Trungpa Rinpoche sempre me impressionou pela clareza e lucidez dos seus ensinamentos, mas acima de tudo, pelo cultivo à abertura e a vontade de se colocar à disposição de qualquer coisa que surja em nossas experiências- o espírito do guerreiro.  Seja um samurai, jedi ou Bodhisattva. Ou o general, como Chagdud Rinpoche nos ensinava, que pela simples presença, sem nem ter que desembainhar sua espada, fazia com que os inimigos se rendessem e se curvassem.

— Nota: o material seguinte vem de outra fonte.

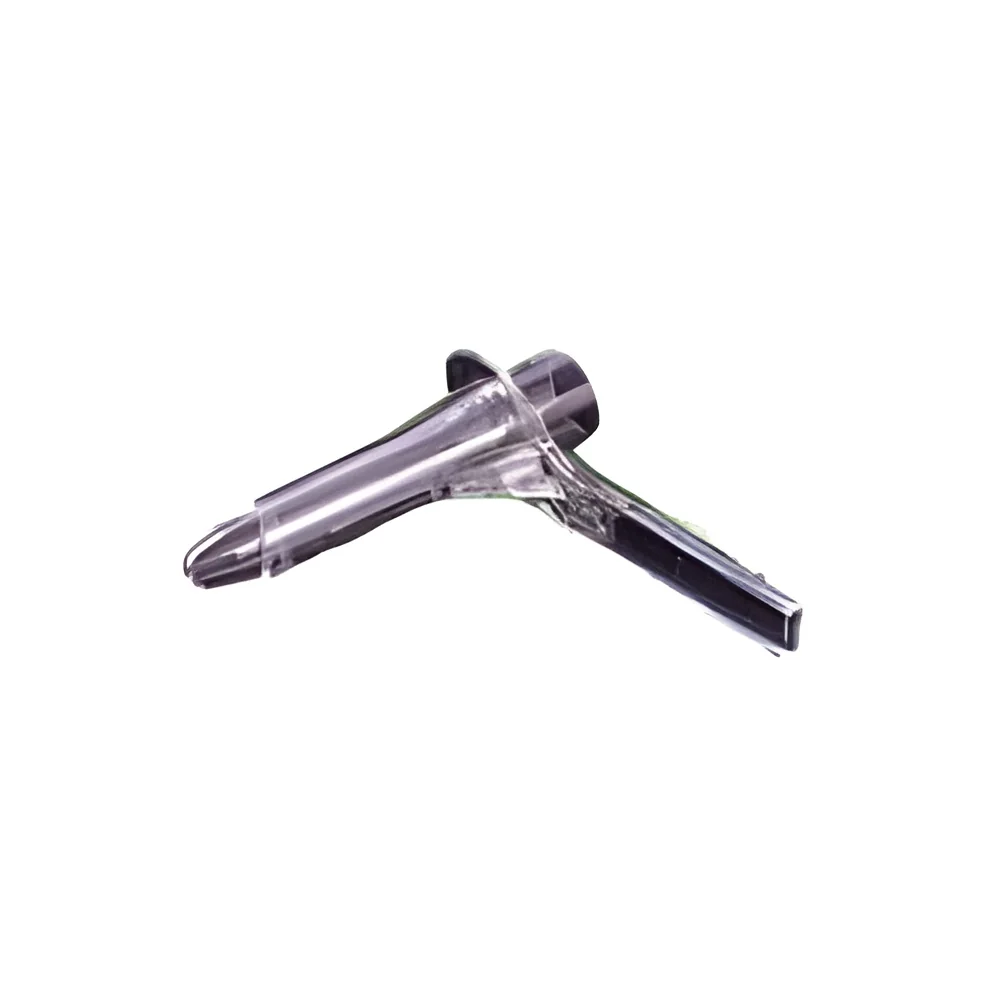 resizeImages/MzEyMg==/mediabank/images/products/proctoscope-with-light-source-250x250.webp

“No sentido mais comum, renúncia é frequentemente conectada com ascetismo. Você abre mão dos prazeres sensoriais do mundo e abraça uma vida espiritual austera com o propósito de compreender um significado mais elevado da existência. No contexto da Shambhala, renúncia é bem diferente. O que o guerreiro renuncia em sua experiência é qualquer coisa que seja uma barreira entre si mesmo e os outros. Em outras palavras, renúncia é fazer a si mesmo mais disponível, mais gentil e aberto aos outros. Qualquer hesitação em se abrir aos outros é removida. Pelo bem dos outros, você renuncia à sua privacidade.”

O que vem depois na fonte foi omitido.